L’inizio, metà circa, mentre ero ancora in vacanza; la seconda metà  a casa.
Lo invierò comunque a Cletus e lo pubblicherò sul mio blog: ormai è scritto.
Pensavo che un altro autore che ho particolarmente amato, Giorgio Gaber, è morto da dieci anni. E nel frattempo, in questi giorni, è scomparso un’altra persona, uno scrittore ( professore, filosofo, musicista, padre e marito) che ho avuto modo di conoscere in rete, con cui ho scambiato parole, e forse anche alcune verità: Valter Binaghi.
Non so se sia lecito, se sia giusto, dire che mi sento un po’ più solo, in riferimento a persone che non  ho conosciuto fisicamente, ma solo attraverso le parole.
Ma credo di potermi fidare di quello che sento, e questo accenno di solitudine, è ciò che sento.
Caro Cletus,
purtroppo non sarò fisicamente presente.
Per l’ora prevista, proprio quel giorno, finiscono le mie ferie in Salento, e prevedo di essere arrivato da qualche ora a Mestre - terraferma veneziana -, quando l’evento inizia. Confesso di dispiacermene: fossi stato da solo in auto, mi sarei sicuramente fermato e avrei festeggiato.
E perché?
Perché avrei bisogno di condividere, di sapere, di capire perché, questo scrittore, questo amico immaginario, quest’uomo che fu, mi piace tanto.
Già, non lo so, e mi piacerebbe che qualcuno mi aiutasse; me ne sarei stato in ascolto, avrei cercato di cogliere qualche parola intelligente o commossa; qualunque cosa che mi consentisse di capirmi.
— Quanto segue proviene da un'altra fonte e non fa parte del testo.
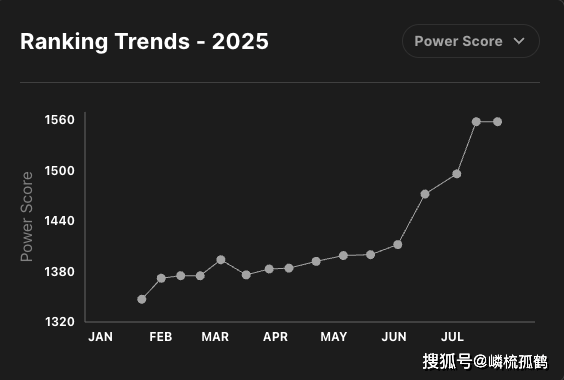 LOL全球战队官方排名，GEN继续保持第一，AL跃升至第三名！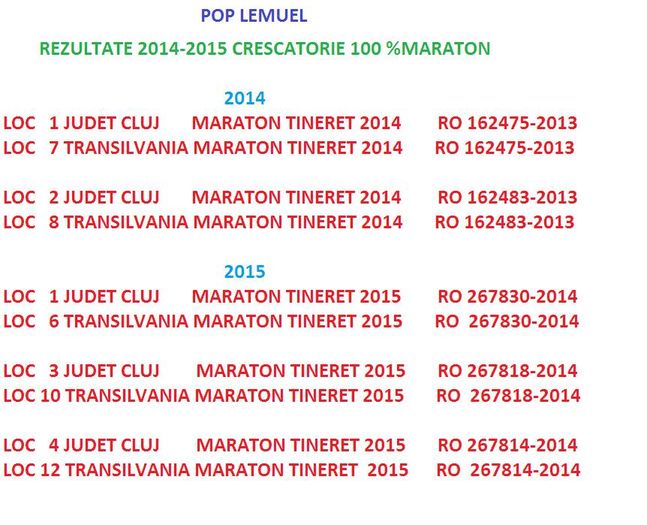  - 0 a --REZULTATE 2015--- LOC 1-3-4  JUDET MARATON TINERET SI LOC 6-10-12 TRANSILVANIA MARATON TINERET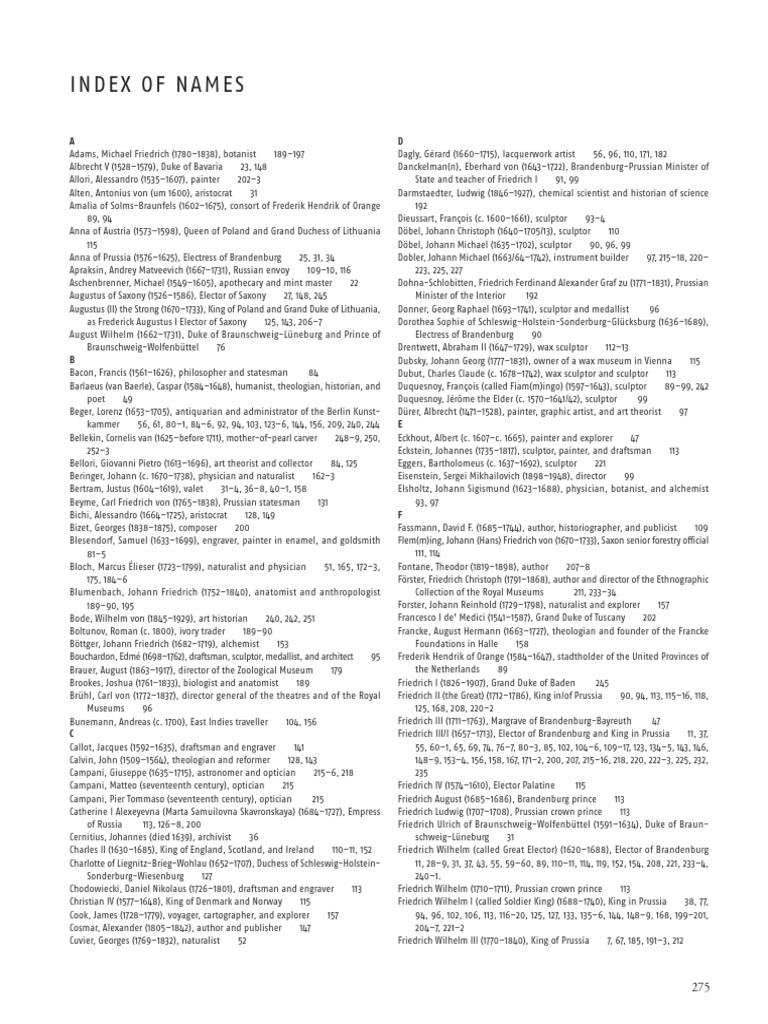 Index of Names | PDF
Il mio personale esordio con Bolano non è stato entusiasmante: ho iniziato a conoscerlo con “ i detective selvaggi”, e non me ne sono innamorato. Quel romanzo non mi aveva stregato: non abbastanza almeno, da indurmi a non dubitare di lui, ad abbandonarmici e precipitare dentro le sue storie, dentro il suo mondo di infinite digressioni, dentro la sua stessa passione per la lettura, che l’ha indotto a scrivere, e quindi a concludere il processo comunicativo; scrivendo a sua volta, consentendoci di leggerlo.
Poi sono passato attraverso l’ultimo capolavoro moderno che mi è capitato di leggere: 2666.
Non è stato semplice affrontarlo, sciogliermici, aderirvi, perdermici: le prime pagine non sono un invito esplicito a quello che succederà in seguito. Ricordo le mie numerose letture dei mistici, laddove il cammino verso il risveglio, è descritto come insidioso, faticoso, pieno di tranelli, ripensamenti, tradimenti, abbandoni.

Ricordo che avevo da poco concluso un altro bel tomo: Shantaram.
Un libro che lascia il segno, che rimpiangi di aver concluso; non certo un capolavoro di letteratura, ma un’avventura totale sì: un viaggio in India - e non solo - come non ne leggevo da un pezzo. Quando finisco romanzi così belli, so che l’unica consolazione è un classico; un libro che sai non ti deluderà, che ti aiuterà a tornare alle faccende quotidiane con la generosità di cui necessitiamo per non morire di noia.
Ricordo che ero andato in libreria a Venezia, che avevo preso la prima parte - Adelphi all’inizio aveva fatto questa scelta commerciale - dopo il classico - non mi si chieda quale: forse “Anna Karenina” ? - che mi aveva costretto a chiedermi se vale ancora la pena di scrivere, dopo Tolstoj.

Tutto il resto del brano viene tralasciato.